La
forma en la que vemos el mundo depende, en gran medida, de nuestro momento
vital. No es lo mismo si estás pasando un momento complicado, en el que las
cosas se tuercen cada día, uno de esos que tienes la sensación de ser un trapo
al que dos manos retuercen, girándolo cada una en una dirección distinta, que si
de pronto tu vida se llena de luz, amor, éxito y felicidad.
Lo que
transmites es completamente diferente.
Literariamente
hablando, los primeros momentos vitales son perfectos para emocionar. La
poesía, por ejemplo, está cargada de ejemplos en los que el sufrimiento del
autor se refleja en cada una de las palabras:
Puedo escribir los versos más
tristes esta noche
(Neruda)
Sospecho que ese día el desamor
estaba haciendo estragos en don Pablo, o quizá debería decir en el adolescente
Pablo.
Caminante, son tus huellas
el camino y nada más;
Caminante, no hay camino,
se hace camino al andar.
Al andar se hace el camino,
y al volver la vista atrás
se ve la senda que nunca
se ha de volver a pisar.
Caminante no hay camino
sino estelas en la mar.
(Machado)
Tampoco que es que este día
Machado estuviera con el mejor humor del mundo.
Es hielo abrasador, es fuego helado,
es herida que duele y no se siente,
es un soñado bien, un mal presente,
es un breve descanso muy cansado.
(Quevedo)
El dolor y el amor se mezclan en
el poema de Quevedo, prueba de que no se sentía en una nube precisamente.
Ved de cuán poco valor
son las cosas tras que andamos
y corremos,
que, en este mundo traidor,
aun primero que muramos
las perdemos.
(Manrique)
No estaba muy optimista que se
diga Jorge Manrique en este punto de sus coplas, aunque aquí el amor no sea el
protagonista.
Sin
embargo, todos estos ejemplos, a pesar del dolor, a pesar del pesimismo que
rezuman, emocionan porque lo que sintió el autor al escribirlo era tan intenso,
tan auténtico, que necesitaba sacarlo para no estallar y el lector, humano,
empatiza con sus sentimientos.
¿Quién
en su vida no ha tenido un momento de bajón, un tropezón vital? No es necesario
que el texto esté cargado de melancolía. Me acuerdo ahora de una novela con
mucho sentido del humor, donde el recurso de la ironía no era nada más que una
manera de disfrazar sentimientos muy intensos, un recurso del autor para gritar
que se ahogaba. No era poesía, era prosa, pero emocionaba igual. El agujero
sentimental del escritor se intuye en cada línea.
La
felicidad, en cambio, embota los sentidos, te llena de sensaciones de plenitud
que segregan ciertas hormonas que te sacian. Si esa felicidad viene de la mano
de una experiencia amorosa, las endorfinas, la serotonina, anulan ese dolor,
actúan como bálsamo y esconde la sensación de infelicidad. Escribir en este
estado deja de ser un ejercicio sentimental para convertirse en algo racional.

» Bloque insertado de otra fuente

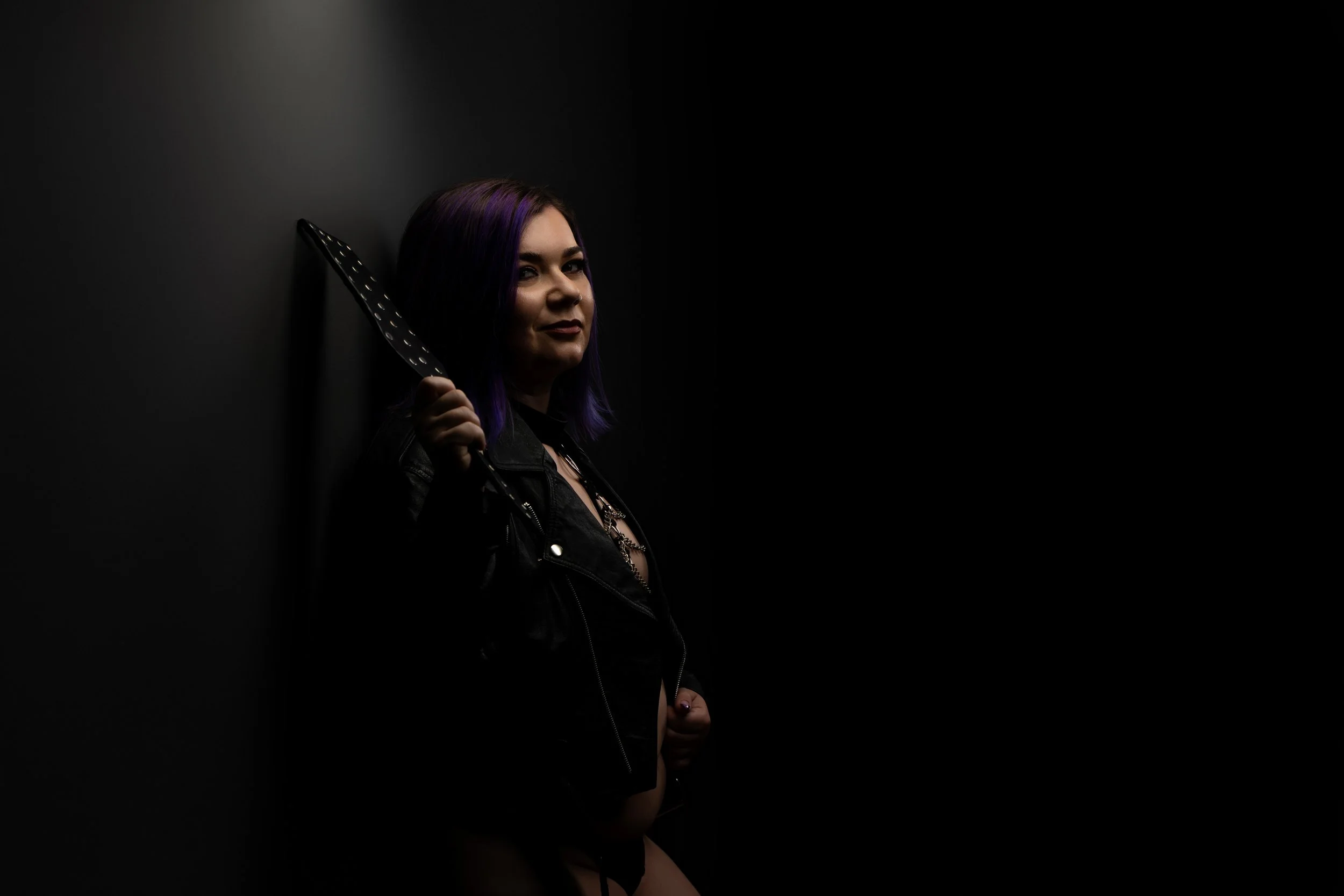 A woman with purple hair holding a knife, wearing a leather jacket and dark clothing, stands against a dark background with minimal lighting.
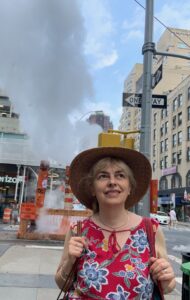 Picture of Sofi Stambo: A blond woman wearing a crimson, floral-patterned shirt and a wide-brim hat smiles, her eyes gazing up-and-right. She stands in front of a city intersection under construction, steam rising from the site.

No digo que no se pueda escribir cuando se es feliz, estoy diciendo que el
resultado no es el mismo. De hecho, en estos momentos, se escribe diferente, se
abordan géneros más prosaicos. Es entonces cuando se elabora una trama más
complicada, cuando los personajes se racionalizan mucho más y se puede adoptar
otra mirada.
¿Se
puede escribir siendo absolutamente feliz? Por supuesto que sí, pero mi conclusión,
después de pensar un rato y a las cinco de
la mañana, que no sé si es la mejor hora para sacar conclusiones, es que las emociones son distintas, el reflejo es completamente diferente. Supongo que se puede emocionar pero no se transmite lo mismo.
Al escritor, la felicidad le corta las alas.